Everything from the line with "Villa i Celorico" down to the line with "sunauo's profile banner image" below must be printed exactly, those two lines included. Exclude pictures.

» RECORDS SHOWN

*-*-*

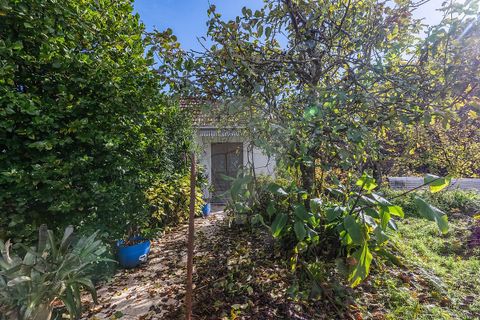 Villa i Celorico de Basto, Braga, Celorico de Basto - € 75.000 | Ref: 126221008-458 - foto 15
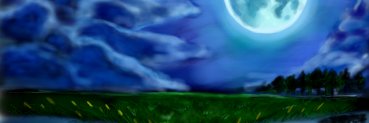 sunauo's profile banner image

*-*-*

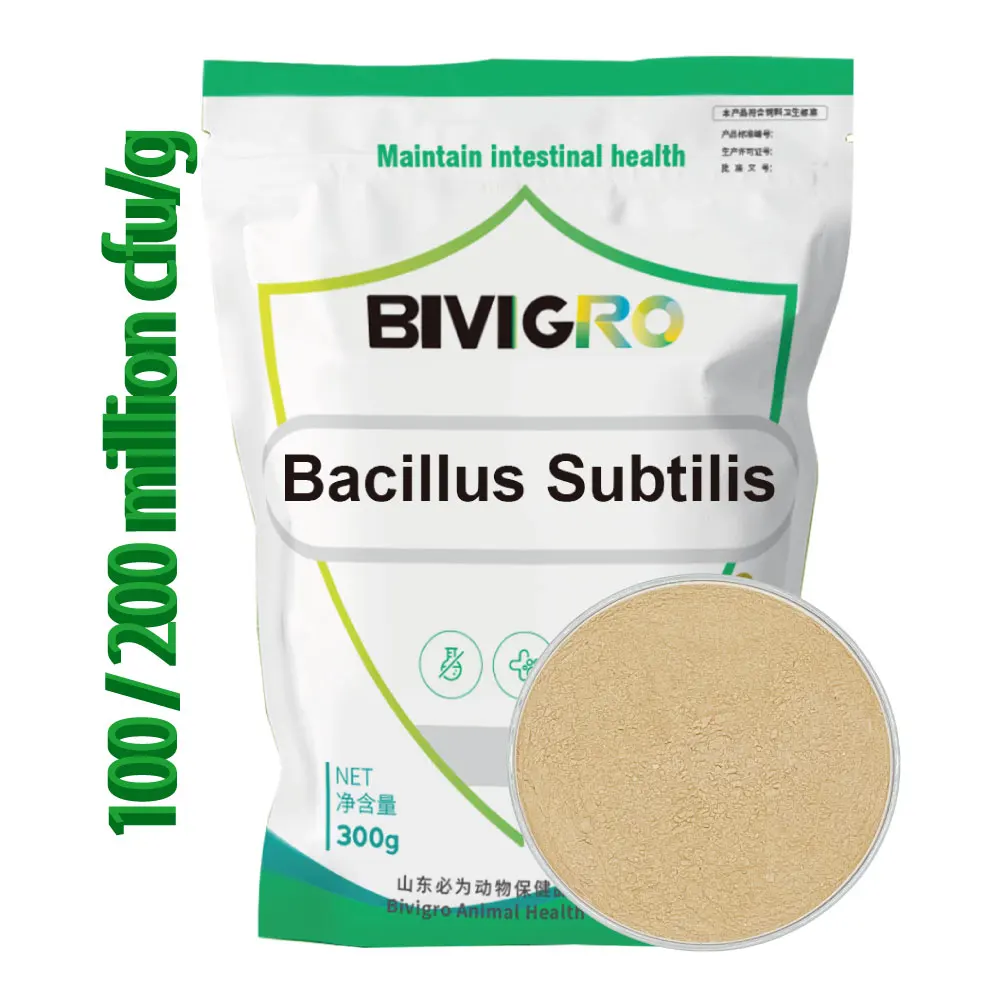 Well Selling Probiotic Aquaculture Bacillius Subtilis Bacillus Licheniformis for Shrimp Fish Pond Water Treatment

*-*-*

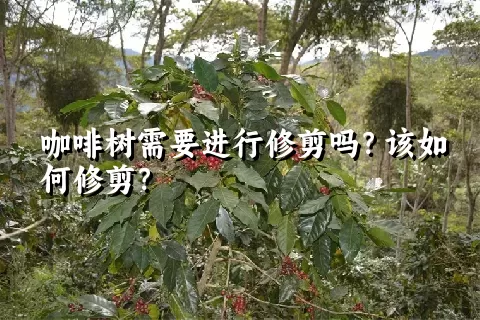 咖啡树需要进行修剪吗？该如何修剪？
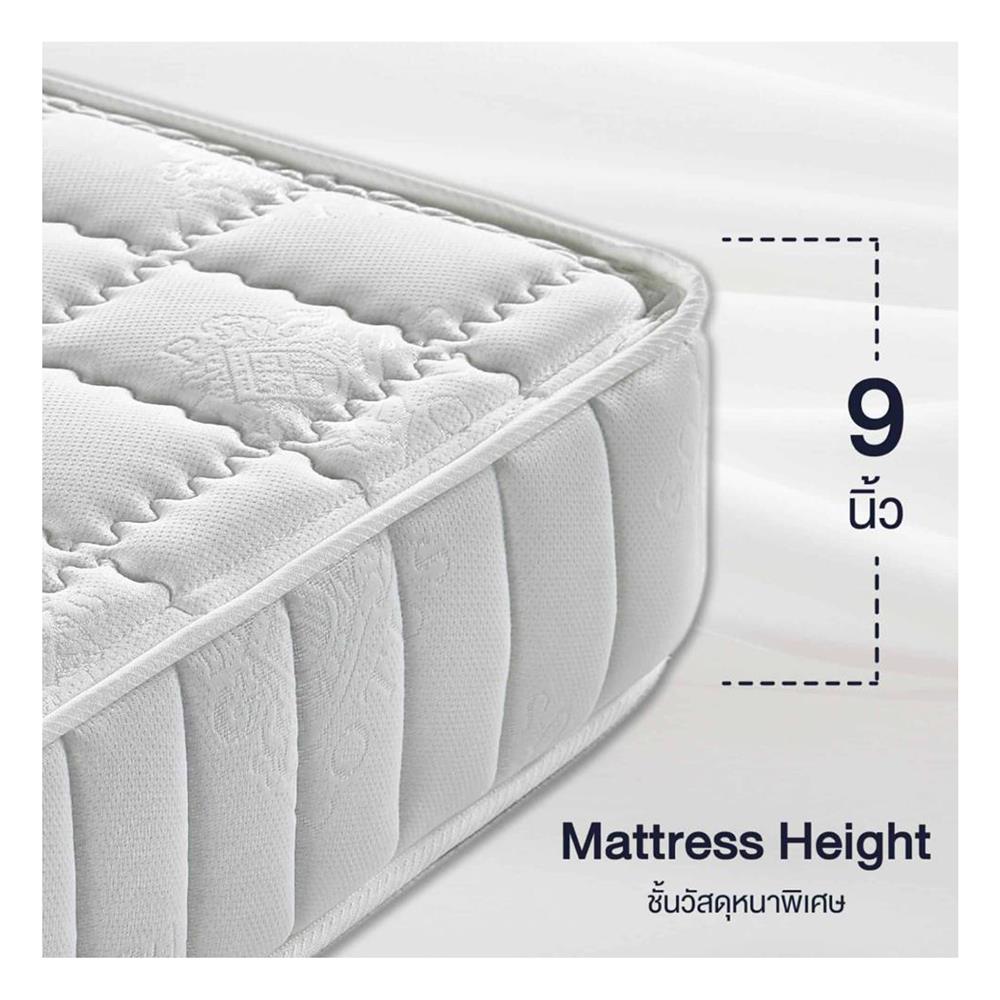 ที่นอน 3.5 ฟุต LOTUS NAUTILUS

*-*-*

» COMPLETED TASK
 Villa i Celorico de Basto, Braga, Celorico de Basto - € 75.000 | Ref: 126221008-458 - foto 15
 sunauo's profile banner image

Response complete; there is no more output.